* PROMPT
Pull out of the data below the stretch of lines bounded by the one containing "Snapshot of sofhiaa_adaams" and the one containing "Cucumber Scrambled Eggs", both bounds included, unchanged.

* DATA EXTRACT
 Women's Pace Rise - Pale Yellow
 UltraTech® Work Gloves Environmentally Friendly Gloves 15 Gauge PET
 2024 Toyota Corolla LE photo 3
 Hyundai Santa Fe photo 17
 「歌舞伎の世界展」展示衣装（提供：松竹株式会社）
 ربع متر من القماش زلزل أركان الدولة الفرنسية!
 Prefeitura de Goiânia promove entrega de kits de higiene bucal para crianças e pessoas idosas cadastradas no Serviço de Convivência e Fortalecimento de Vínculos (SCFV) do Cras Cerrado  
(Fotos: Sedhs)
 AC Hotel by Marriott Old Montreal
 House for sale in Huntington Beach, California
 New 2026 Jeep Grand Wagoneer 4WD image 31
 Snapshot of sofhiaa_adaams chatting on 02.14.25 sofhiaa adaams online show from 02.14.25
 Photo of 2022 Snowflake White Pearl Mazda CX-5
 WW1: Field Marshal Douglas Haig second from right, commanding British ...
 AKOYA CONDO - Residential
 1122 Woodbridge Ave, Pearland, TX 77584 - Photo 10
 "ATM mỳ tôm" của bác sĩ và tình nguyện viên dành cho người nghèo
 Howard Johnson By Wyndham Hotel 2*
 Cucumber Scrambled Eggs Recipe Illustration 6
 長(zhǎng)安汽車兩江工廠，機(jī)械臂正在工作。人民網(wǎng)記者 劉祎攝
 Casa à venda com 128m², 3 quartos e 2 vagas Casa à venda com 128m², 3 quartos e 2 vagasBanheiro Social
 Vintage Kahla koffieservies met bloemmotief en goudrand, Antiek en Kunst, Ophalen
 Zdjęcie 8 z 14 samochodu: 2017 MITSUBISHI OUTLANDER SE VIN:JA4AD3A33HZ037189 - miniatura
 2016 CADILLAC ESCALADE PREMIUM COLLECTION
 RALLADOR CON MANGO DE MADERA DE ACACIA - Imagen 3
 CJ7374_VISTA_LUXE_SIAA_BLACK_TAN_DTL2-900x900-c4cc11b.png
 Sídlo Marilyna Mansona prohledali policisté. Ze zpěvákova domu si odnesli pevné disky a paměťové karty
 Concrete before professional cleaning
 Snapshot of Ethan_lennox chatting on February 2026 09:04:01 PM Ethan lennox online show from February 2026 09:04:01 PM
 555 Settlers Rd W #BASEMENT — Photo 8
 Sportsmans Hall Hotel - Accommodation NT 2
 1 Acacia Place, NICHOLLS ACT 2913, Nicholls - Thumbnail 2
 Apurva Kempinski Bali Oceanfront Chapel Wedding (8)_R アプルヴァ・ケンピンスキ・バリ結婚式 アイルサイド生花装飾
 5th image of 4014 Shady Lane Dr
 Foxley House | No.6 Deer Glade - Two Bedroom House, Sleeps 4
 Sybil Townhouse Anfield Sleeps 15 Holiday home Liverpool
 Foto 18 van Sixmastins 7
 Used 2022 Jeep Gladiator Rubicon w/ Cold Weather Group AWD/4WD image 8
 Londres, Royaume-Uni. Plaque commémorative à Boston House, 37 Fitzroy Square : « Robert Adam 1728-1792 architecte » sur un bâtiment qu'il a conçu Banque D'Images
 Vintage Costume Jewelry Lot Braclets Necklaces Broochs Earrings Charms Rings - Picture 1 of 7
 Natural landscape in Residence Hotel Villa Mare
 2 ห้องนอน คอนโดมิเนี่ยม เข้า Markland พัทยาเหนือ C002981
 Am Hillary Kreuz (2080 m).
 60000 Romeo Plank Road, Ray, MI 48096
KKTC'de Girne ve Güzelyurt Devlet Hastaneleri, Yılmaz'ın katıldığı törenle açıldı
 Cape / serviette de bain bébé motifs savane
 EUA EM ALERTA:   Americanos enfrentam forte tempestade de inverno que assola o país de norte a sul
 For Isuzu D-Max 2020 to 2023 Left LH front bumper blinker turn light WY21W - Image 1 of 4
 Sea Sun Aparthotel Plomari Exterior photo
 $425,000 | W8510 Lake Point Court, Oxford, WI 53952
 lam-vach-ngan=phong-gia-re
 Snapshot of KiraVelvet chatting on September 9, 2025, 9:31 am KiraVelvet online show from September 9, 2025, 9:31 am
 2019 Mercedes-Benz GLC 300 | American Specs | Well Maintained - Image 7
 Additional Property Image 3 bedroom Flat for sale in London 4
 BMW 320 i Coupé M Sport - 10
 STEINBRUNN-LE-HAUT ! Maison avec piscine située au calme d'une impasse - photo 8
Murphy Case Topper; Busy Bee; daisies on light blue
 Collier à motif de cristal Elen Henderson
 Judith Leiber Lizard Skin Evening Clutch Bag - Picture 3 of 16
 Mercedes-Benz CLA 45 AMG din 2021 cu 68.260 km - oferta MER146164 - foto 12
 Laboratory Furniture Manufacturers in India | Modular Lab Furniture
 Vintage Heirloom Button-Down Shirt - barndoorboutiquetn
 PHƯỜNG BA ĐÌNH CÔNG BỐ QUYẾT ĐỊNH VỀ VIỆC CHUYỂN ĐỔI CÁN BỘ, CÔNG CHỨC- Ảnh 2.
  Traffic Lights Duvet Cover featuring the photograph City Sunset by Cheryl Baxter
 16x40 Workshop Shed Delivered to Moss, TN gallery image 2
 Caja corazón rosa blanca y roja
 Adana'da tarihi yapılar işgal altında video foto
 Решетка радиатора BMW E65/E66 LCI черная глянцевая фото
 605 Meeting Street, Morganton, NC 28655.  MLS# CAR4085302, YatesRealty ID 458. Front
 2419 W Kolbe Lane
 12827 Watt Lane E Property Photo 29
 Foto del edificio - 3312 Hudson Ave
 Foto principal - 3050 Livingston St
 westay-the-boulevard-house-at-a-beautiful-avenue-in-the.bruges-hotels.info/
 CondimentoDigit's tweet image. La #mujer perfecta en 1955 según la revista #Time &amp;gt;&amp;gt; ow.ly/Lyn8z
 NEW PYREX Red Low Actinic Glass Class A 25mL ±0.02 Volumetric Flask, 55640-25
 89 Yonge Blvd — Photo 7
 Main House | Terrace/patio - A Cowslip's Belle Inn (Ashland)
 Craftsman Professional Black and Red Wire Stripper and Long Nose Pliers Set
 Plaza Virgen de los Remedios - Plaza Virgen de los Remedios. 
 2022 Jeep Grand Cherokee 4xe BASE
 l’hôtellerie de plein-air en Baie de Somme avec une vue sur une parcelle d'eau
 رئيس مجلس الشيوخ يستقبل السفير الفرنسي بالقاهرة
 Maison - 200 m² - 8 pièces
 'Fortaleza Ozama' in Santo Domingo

* RESPONSE
 Snapshot of sofhiaa_adaams chatting on 02.14.25 sofhiaa adaams online show from 02.14.25
 Photo of 2022 Snowflake White Pearl Mazda CX-5
 WW1: Field Marshal Douglas Haig second from right, commanding British ...
 AKOYA CONDO - Residential
 1122 Woodbridge Ave, Pearland, TX 77584 - Photo 10
 "ATM mỳ tôm" của bác sĩ và tình nguyện viên dành cho người nghèo
 Howard Johnson By Wyndham Hotel 2*
 Cucumber Scrambled Eggs Recipe Illustration 6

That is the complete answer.